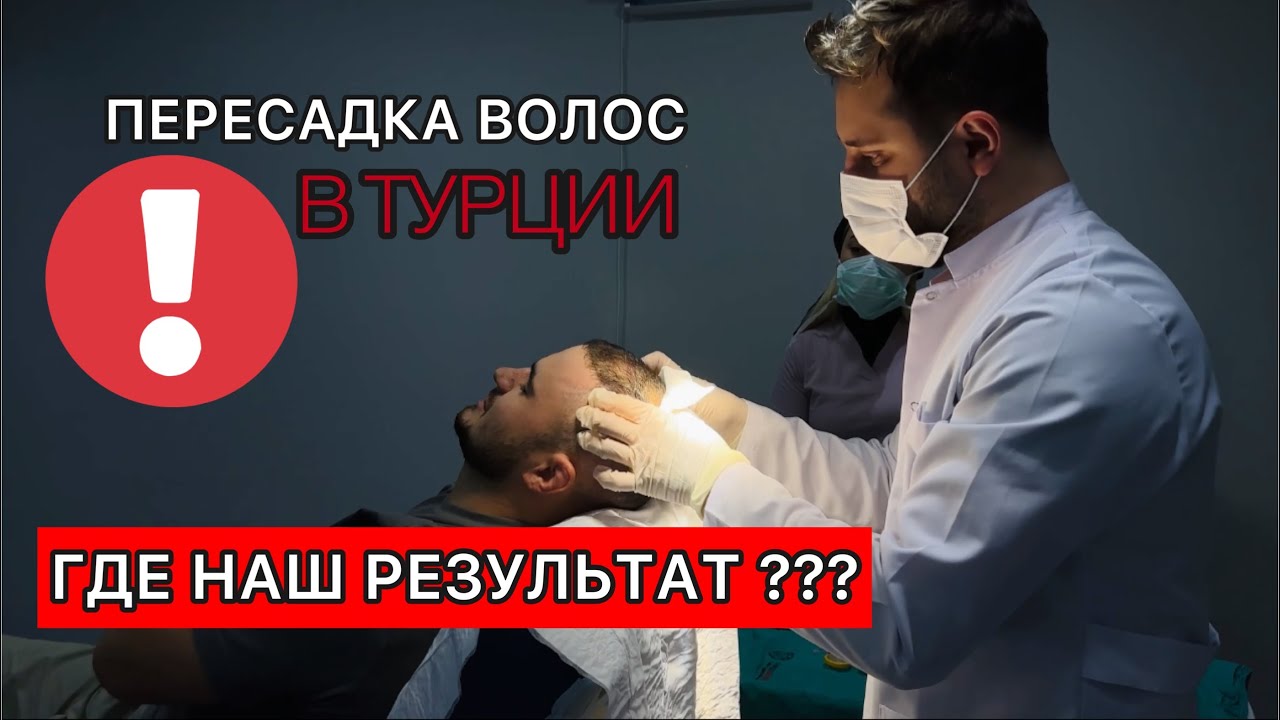 РЕЗУЛЬТАТ ПОСЛЕ ПЕРЕСАДКИ ВОЛОС .Уход после операции . ПЕРЕСАДКА ВОЛОС ...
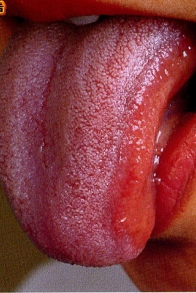 紫舌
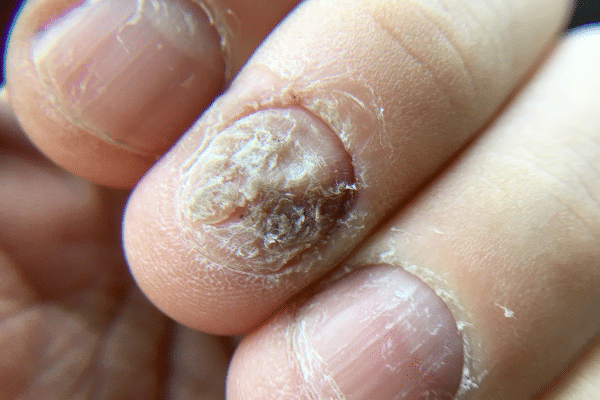 Nail Health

● ● ● ● ● ● ●

YOUR GOAL: The output is to be the material in full and unaltered, with pictures omitted.

ANSWER SECTION:
 РЕЗУЛЬТАТ ПОСЛЕ ПЕРЕСАДКИ ВОЛОС .Уход после операции . ПЕРЕСАДКА ВОЛОС ...
 紫舌
 Nail Health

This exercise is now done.